Sono stato a Istanbul la prima volta a metà degli Anni Ottanta, avevo 16 anni. Pochi sapevano del Vicino Oriente e soprattutto dell’Islam che, prima della Guerra del Golfo del 1990, era sconosciuto.
Sono qui per fare una residenza d’artista. La residenza chiede all’artista di dare il proprio sguardo al contesto, un contesto, questo, molto particolare, perché qui siamo in un altro mondo, un po’ alleato e un po’ nemico. Tanto per essere chiari, un periodico patinato d’arte e cultura, con una prefazione del sindaco di Istanbul, si chiama 1453, l’anno della conquista per loro, l’anno della perdita per noi, anche se non si sa bene chi siano loro e chi siamo noi. Risiedo quindi a Palazzo Venezia, residenza dell’Ambasciatore d’Italia, e ho il compito di continuare la grande tradizione di scambio fra Occidente e (Vicino) Oriente; per questo ho firmato un contratto con l’Istituto Italiano di Cultura. Le opere, frutto del lavoro e dell’esperienza di questo periodo, saranno esposte alla Scuola Greca di Galata, affascinante, commovente e sinistro edificio, ex sede della scorsa Biennale d’Arte di Istanbul. Di fronte c’è una chiesa armena. Proprio il settembre scorso un critico italiano mi disse che una sua amica artista turca da mesi non stava più dipingendo. “Che faccio? Che arte si può fare oggi in Turchia?”. Le ultime vicende di piazza Taksim e del Parco Gezi hanno lasciato il segno.
Nello spazio Arter di Istiklal c’è una mostra di Marc Quinn. La vetrina che dà sulla strada è occupata da un’enorme conchiglia di bronzo lucidata a oro, della serie The Archeology of Art, alta più di due metri. Molte persone si fermano e si fotografano davanti all’opera che luccica e che riflette i grandi lampadari, anch’essi luccicanti, dei ristoranti e self-service sulla strada. L’oro, da queste parti, fa ancora la sua figura.
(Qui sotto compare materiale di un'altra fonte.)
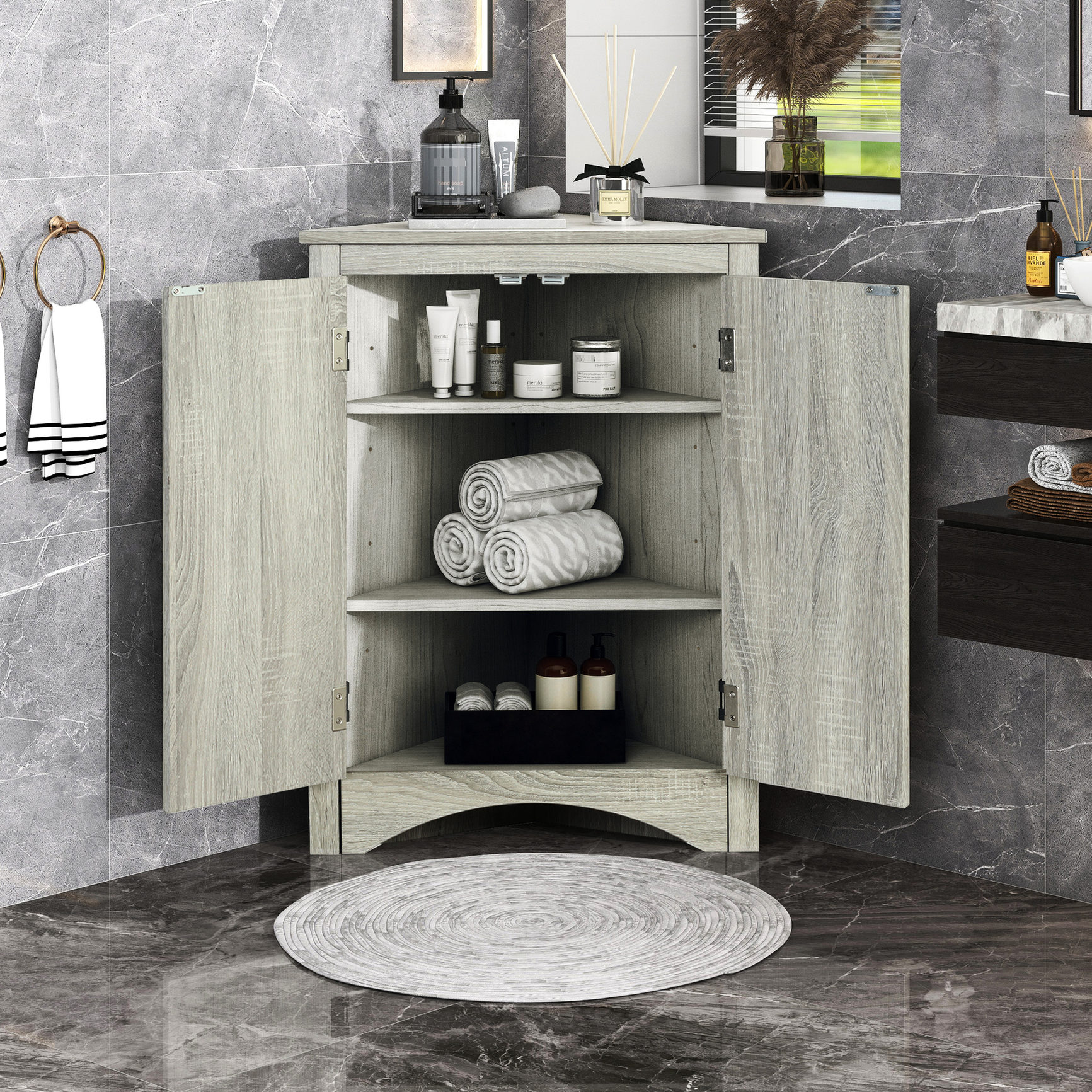 Oak triangle corner cabinet with adjustable shelves for multiple home ...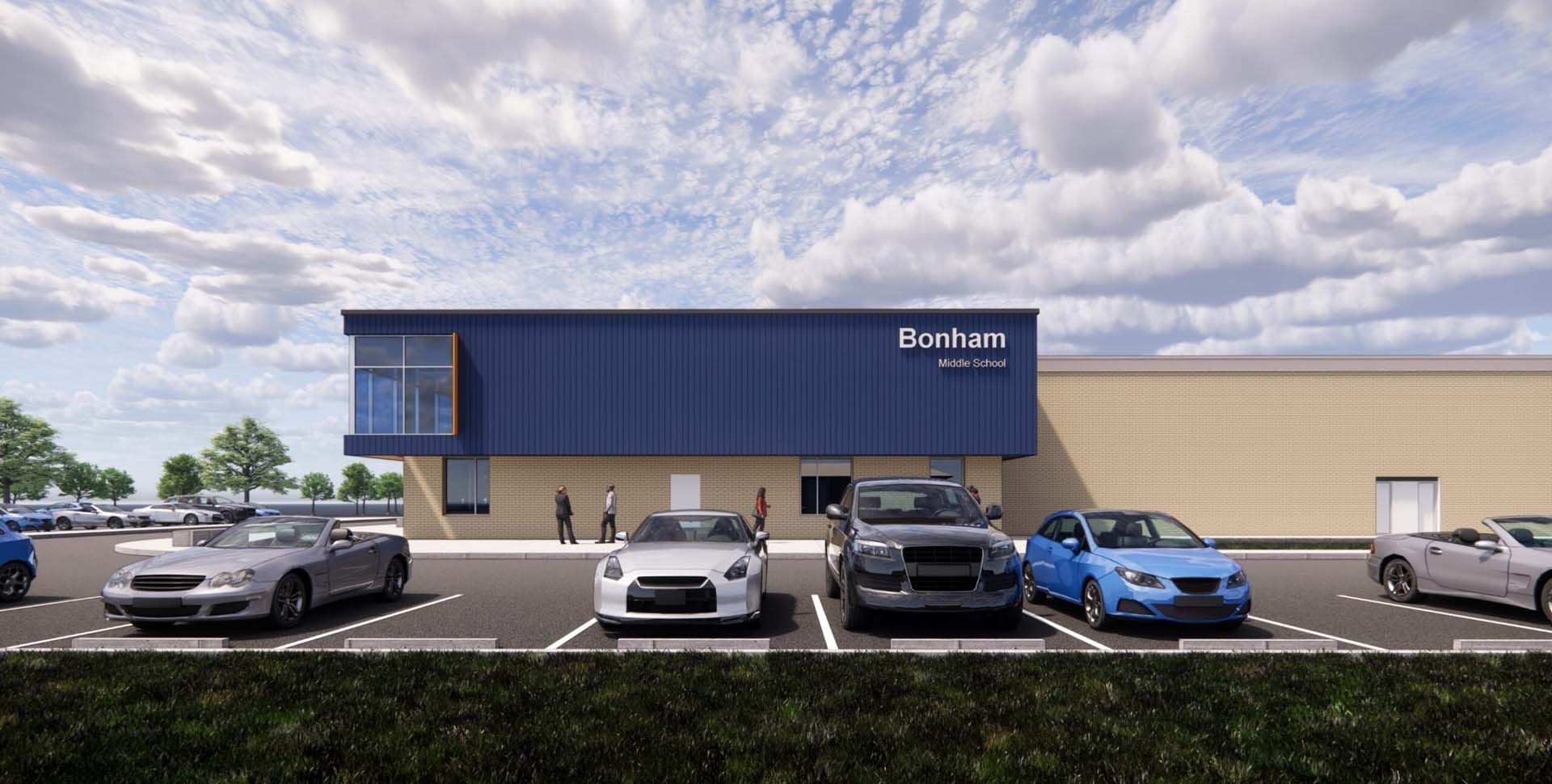 A modern school building labeled "Bonham Middle School" with several parked cars and a few people near the entrance under a partly cloudy sky.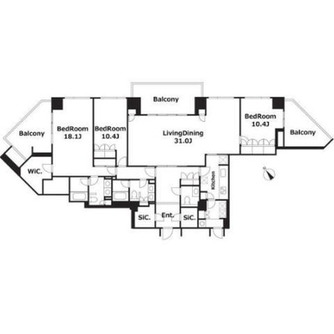 東京都港区元麻布１丁目 賃貸マンション 3LDK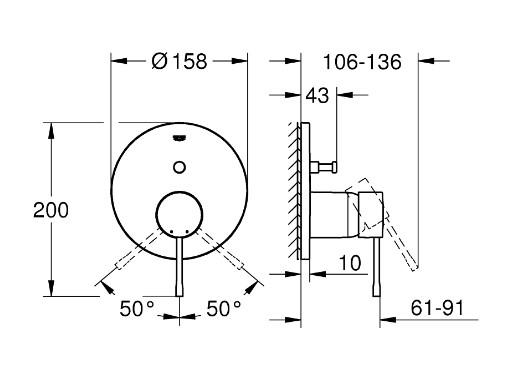 Grohe Essence komplet brusesystem m/Rainshower 310 hovedbrus & SmartActive h&aring;ndbrus t/indbygning - Poleret Cool Sunrise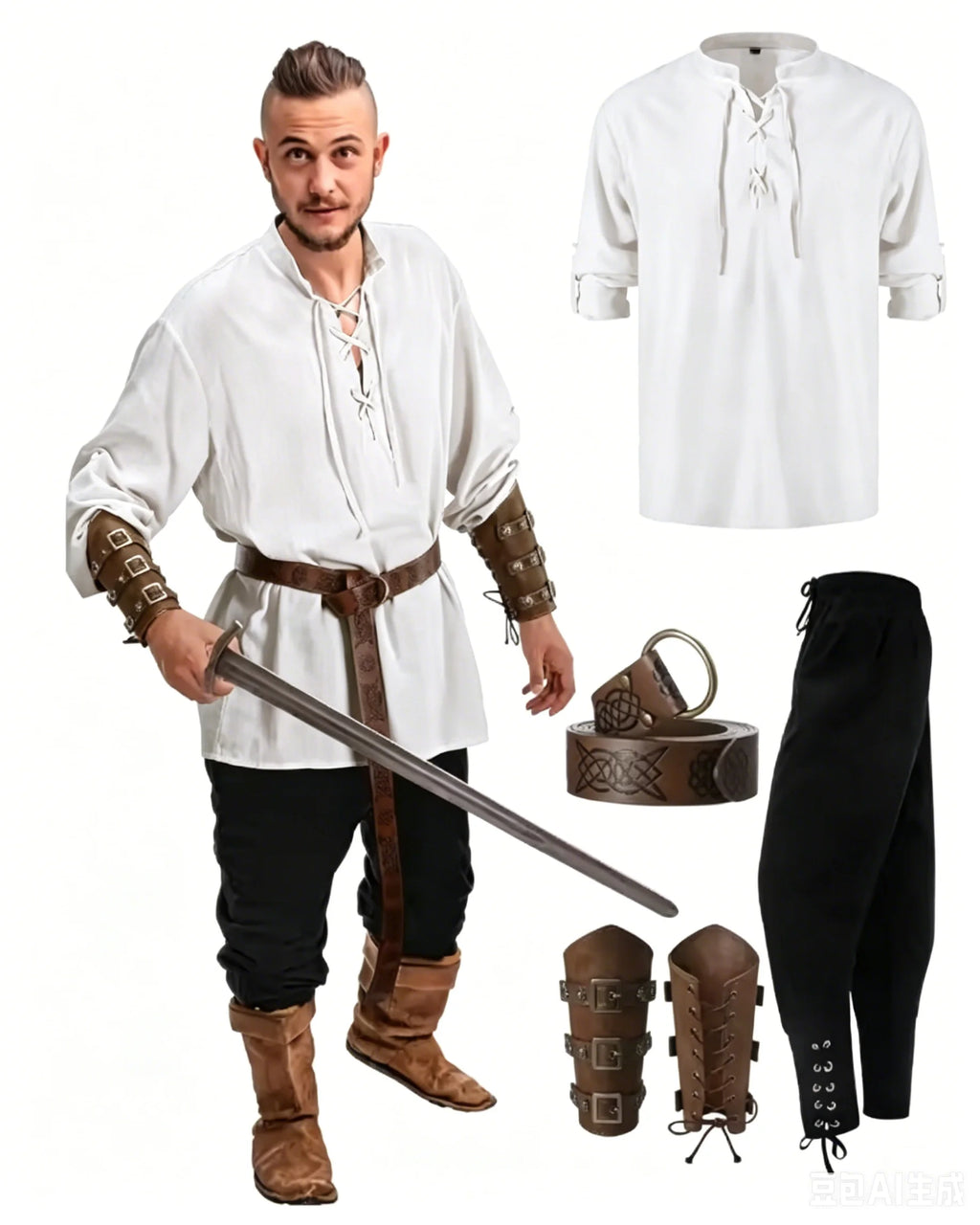Men's Renaissance Costume Set with Shirt, Pants & Belt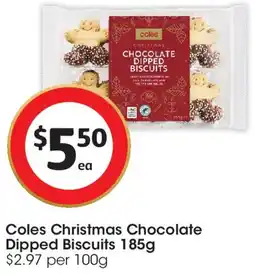 Coles Coles Christmas Chocolate Dipped Biscuits offer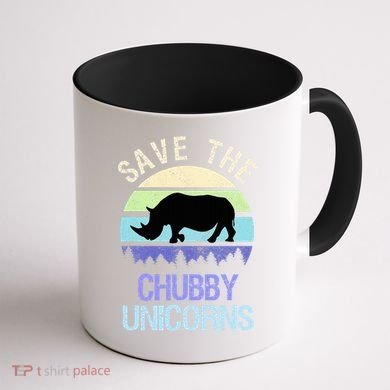 Vintage Sunset Save The Chubby Unicorns Fat Rhino  Coffee Mug back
Giorni fa, in una conferenza, ho sentito parlare Elif Shafik: “In Turchia diciamo spesso ‘noi e gli altri’, ma l’artista non può fare questa discriminazione”. Già, l’artista non è né noi né loro.
Alla galleria NON, presente all’ultima fiera italiana di Miart, ha aperto Extrastruggle con la mostra There is no God in the Sky, only birds. Alcune opere contengono foto in bianco e nero di ritratti che, più che di piacere e ricordo, sembrano da passaporto o da cimitero. Queste foto a mezzo busto, a ben vedere, sono forse uno dei segni più caratteristici della città, dopo le Grandi Moschee e i due Ponti sul Bosforo che si assomigliano – e sono del tipo della gomma di Brooklyn. Queste foto si trovano dappertutto, sono come le cartoline delle réclame, anche se sono vere, sono tutte originali e in passato hanno avuto valore. Istanbul di Orhan Pamuk è piena di queste foto. Sono foto, alla fine, tristi, che ricordano un passato che qui sgomita più che da altre parti e su cui non è semplice parlare. Si trovano anche da noi, soprattutto nei mercati del nord Italia, ma di solito sono in album o comunque ordinate, come in un archivio. Qui invece sono sparse, buttate nelle scatole, in casse e ceste o gettate su una coperta o su un tavolo, come le carte da gioco, quasi a marcare l’abissale differenza fra due mondi, quello della persona e quello del gruppo. Questo mare di figurine senza album, questo desiderio delle immagini tradisce la voglia d’Europa, il desiderio di staccarsi da un mondo oramai squagliato; già gli ultimi Califfi si facevano fotografare, prima che da noi la tv trasmettesse la benedizione del Papa.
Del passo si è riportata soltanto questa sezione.